Bayer AG, Europe’s biggest drug and chemical maker, rose 0.9 percent after Credit Suisse Group AG upgraded its recommendation on the shares, while Porsche SE climbed 4.4 percent after Barclays Plc raised its recommendation for the carmaker. Hochtief AG jumped 3.4 percent after a report Actividades de Construccion y Servicios SA will continue with its bid.
The DAX Index gained 0.7 percent to 7,001.91 at the 5:30 p.m. close of trading in Frankfurt, the highest since June 2008. The gauge advanced 0.1 percent yesterday as Federal Reserve Chairman Ben S. Bernanke said the U.S. central bank may expand its bond-purchase program beyond the $600 billion announced last month. The broader HDAX Index also added 0.7 percent today.

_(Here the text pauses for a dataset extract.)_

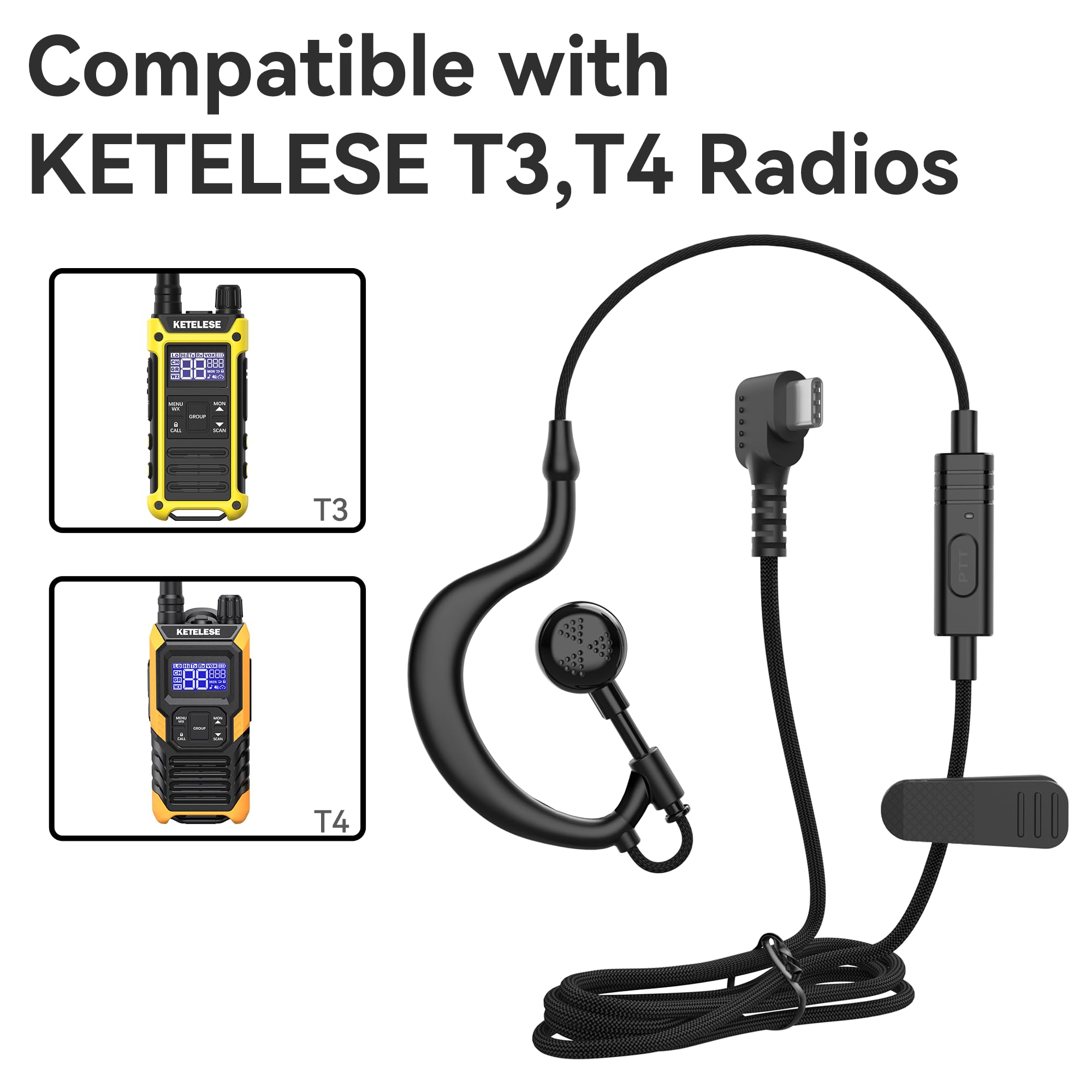 KETELESE Słuchawki TypeC 6 sztuk, zestaw słuchawkowy USB C do T3, T4 Walkie Talkie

“The U.S. government is placing the last bit of Citigroup they own and the shares are likely to be snapped up,” said Lex van Dam, fund manager at London-based Hampstead Capital LLP, which oversees $500 million. “That, combined with the Obama tax cuts and the continued rally in the commodity space, means many bears are throwing in the towel today and jumping in.”
German factory orders rose in October as domestic demand picked up, another sign the country’s economic recovery is broadening.
Orders, adjusted for seasonal swings and inflation, increased 1.6 from September, when they fell 4 percent, the Economy Ministry in Berlin said today. From a year earlier, orders climbed 17.9 percent when adjusted for working days.
President Obama said he will agree to keep Bush-era tax cuts for high-income taxpayers in exchange for extending federal unemployment insurance and cutting the payroll tax by $120 billion for one year.
Obama said he will accept lower rates on high earners’ income, dividends, capital gains and multi million-dollar estates for the next two years to break the stalemate over extending the Bush administration’s tax cuts for middle-class taxpayers before Congress adjourns.
The U.S. Treasury Department sold its remaining stock in Citigroup Inc. for $10.5 billion, bringing the country’s third-biggest bank a step closer to independence from the government following a $45 billion bailout in 2008.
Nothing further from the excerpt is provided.